- TASK INSTRUCTIONS
Everything from the line containing "145 Ampthill Rd photo 29" down to the last line of the entries below must be transcribed exactly, and nothing else.

(Beginning of DATA TO PROCESS)

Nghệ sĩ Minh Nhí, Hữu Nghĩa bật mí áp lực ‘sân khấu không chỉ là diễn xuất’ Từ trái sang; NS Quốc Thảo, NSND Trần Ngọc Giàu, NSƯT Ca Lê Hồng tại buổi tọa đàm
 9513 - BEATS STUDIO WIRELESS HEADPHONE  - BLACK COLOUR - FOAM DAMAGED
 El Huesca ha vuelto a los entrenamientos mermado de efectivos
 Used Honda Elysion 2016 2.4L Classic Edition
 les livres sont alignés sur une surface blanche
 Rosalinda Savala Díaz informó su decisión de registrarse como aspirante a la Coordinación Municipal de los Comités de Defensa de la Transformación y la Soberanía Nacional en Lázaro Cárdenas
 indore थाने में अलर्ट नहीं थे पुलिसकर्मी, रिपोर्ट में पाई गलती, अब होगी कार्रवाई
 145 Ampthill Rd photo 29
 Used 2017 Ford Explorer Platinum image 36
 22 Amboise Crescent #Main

(End of DATA TO PROCESS)

- EXERCISE ANSWER
 145 Ampthill Rd photo 29
 Used 2017 Ford Explorer Platinum image 36
 22 Amboise Crescent #Main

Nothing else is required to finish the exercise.